Church Hill food is heavily biased to Stewart Island and Southland and that is something we don’t need to apologise for, after all, we are surrounded by some of the best produce in the world.
New Zealand is a truly blessed nation when it comes to produce. When you combine the produce with a desire to produce quality cuisine, in a quality setting, with friendly and personal service you get a restaurant like Church Hill. We are very proud of where we have taken our restaurant and invite you to share it with us during your time on Stewart Island.
All the food we serve is made in house, except where we cant make it of course, and we love our food to have a story. We try to have a personal connection to making it, growing it, sourcing it from local fisherman or divers, or maybe it was caught by my uncle on the west coast. If you ask about our food we can tell you everything about it.; what is in it and where we got it. We try to make it as accessible as possible to all diners so we make things gluten free where possible, and since we make it fresh we can adjust to the needs of the guests as much as possible.
All prices listed on our website and menus are in New Zealand dollars (NZD)
Recently added products
As part of our commitment to improving our business we are always looking at new products that showcase our region and country.
If we come across products that we enjoy and feel would be good for our guests then we introduce them to our range.

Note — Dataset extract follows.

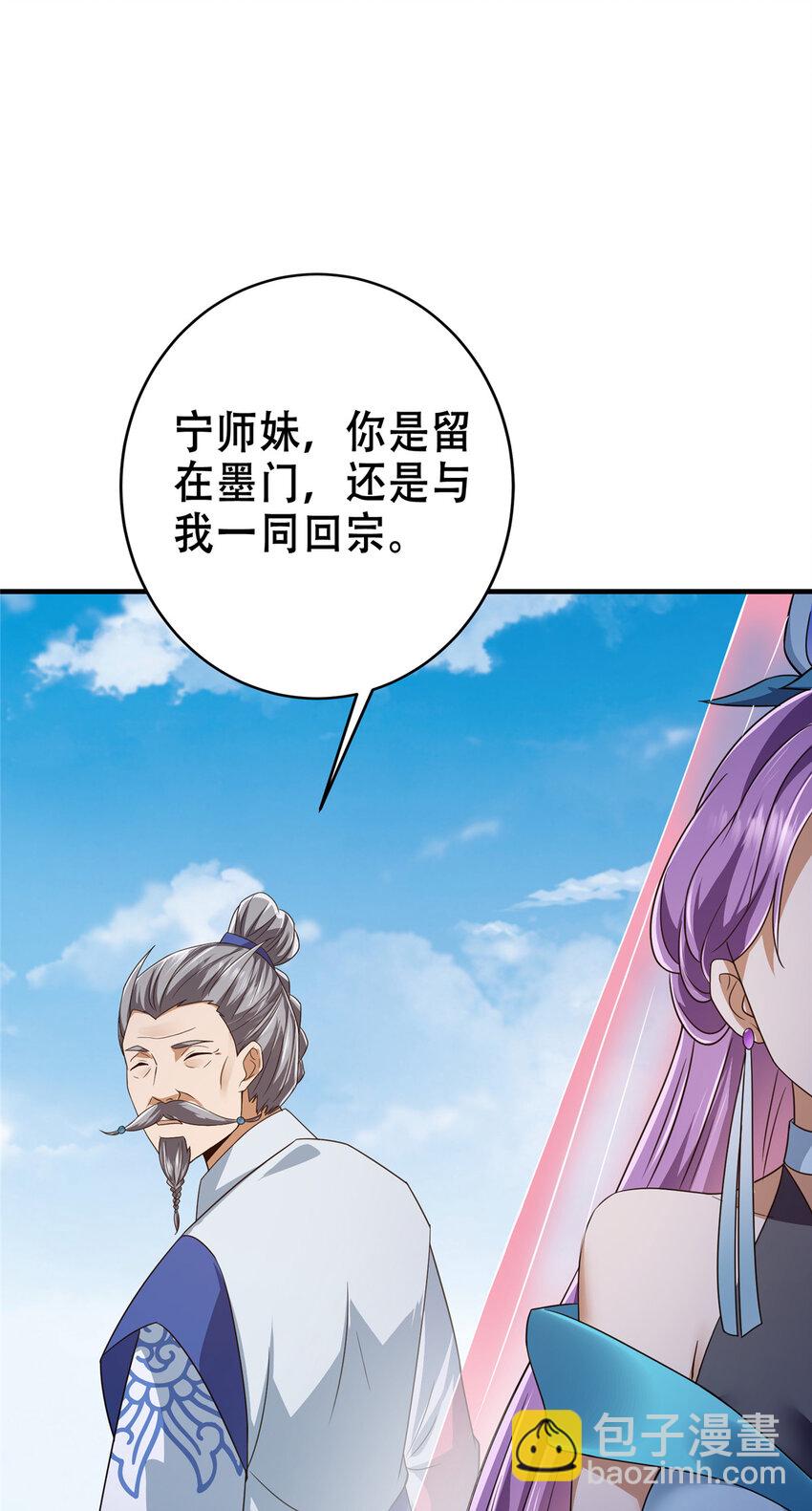 142 快是能说的吗13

Some recent additions include:
- Grasshopper Rock Pinot Noir - this pinot is made from 100% Central Otago grapes. A lovely drink and we have it by the glass and bottle.
- Oyster Bay Rose - a lovely rose made from excellent South Island pinot grapes.
- Copperhead Road Distillery Vodka - we love having NZ produced products and will never stop proudly supporting NZ made.
- Starward Whisky - our first Australian whisky on offer.
- Bushmills 16YO Whisky - a triple distilled whisky from Ireland with beautiful ruby colour.
- Thomson South Island Peat Whisky - another kiwi product with roots in the south island.